Session T37: Quantum Machine Learning II

Theory of overparametrization in quantum neural networks

The prospect of achieving quantum advantage with Quantum Neural Networks (QNNs) is exciting. Understanding how QNN properties affect the loss landscape is crucial to the design of scalable architectures. Here, we rigorously analyze the overparametrization phenomenon in QNNs with periodic structure. We define overparametrization as the regime where the QNN has more than a critical number of parameters Mc that allows it to explore all relevant directions in state space. Our main results show that the dimension of the Lie algebra obtained from the generators of the QNN is an upper bound for Mc, and for the maximal rank that the quantum Fisher information and Hessian matrices can reach. Underparametrized QNNs have spurious local minima that start disappearing when M> Mc. Thus, the overparametrization onset corresponds to a computational phase transition where the trainability is greatly improved by a more favorable landscape. We connect the notion of overparametrization to that of capacity, so that when a QNN is overparametrized its capacity achieves its maximum possible value. We run numerical simulations for eigensolver, compilation, and autoencoding applications to showcase the phase transition. Our results also apply to variational quantum algorithms and quantum optimal control.   

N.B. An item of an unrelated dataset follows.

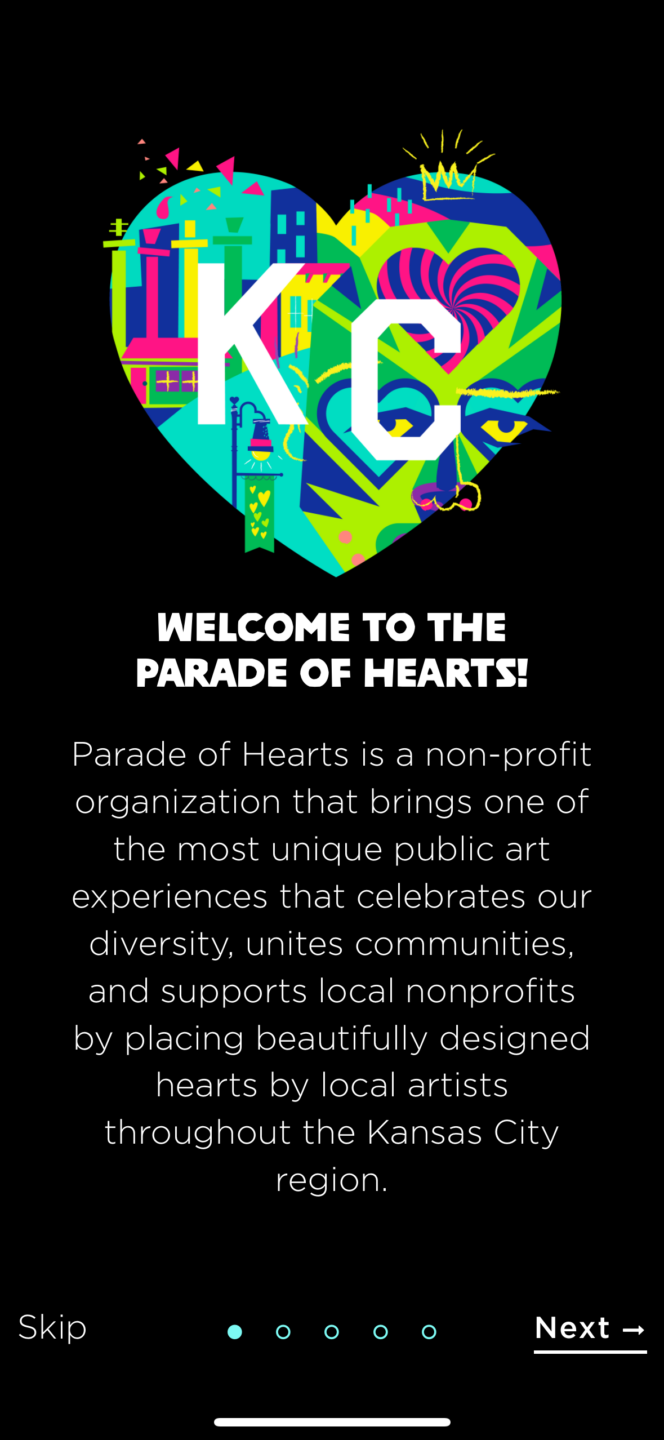 A screenshot of an introductory screen on the Parade of Hearts mobile app.
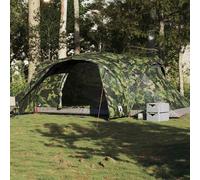 Dome Tent 494x370x190cm Camouflage Blue 185T Polyester PU 6-Person E-Port Double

Experimentally Realizable Continuous-variable Quantum Neural Networks

We build a continuous variable (CV) hybrid quantum-classical neural network protocol and show how CV supervised learning with hybrid networks can be used for fraud detection. Previous work on CV neural networks protocols for fraud detection required implementation of non-Gaussian operators which are hard to realize experimentally. Our protocol uses Gaussian gates only with the addition of ancillary qumodes. We achieve non-linearity, an essential feature of neural networks, through measurements on ancillary qumodes. Our gates can be implemented with squeezers and beam splitters; hence our protocol can be realized experimentally with current photonic quantum hardware.   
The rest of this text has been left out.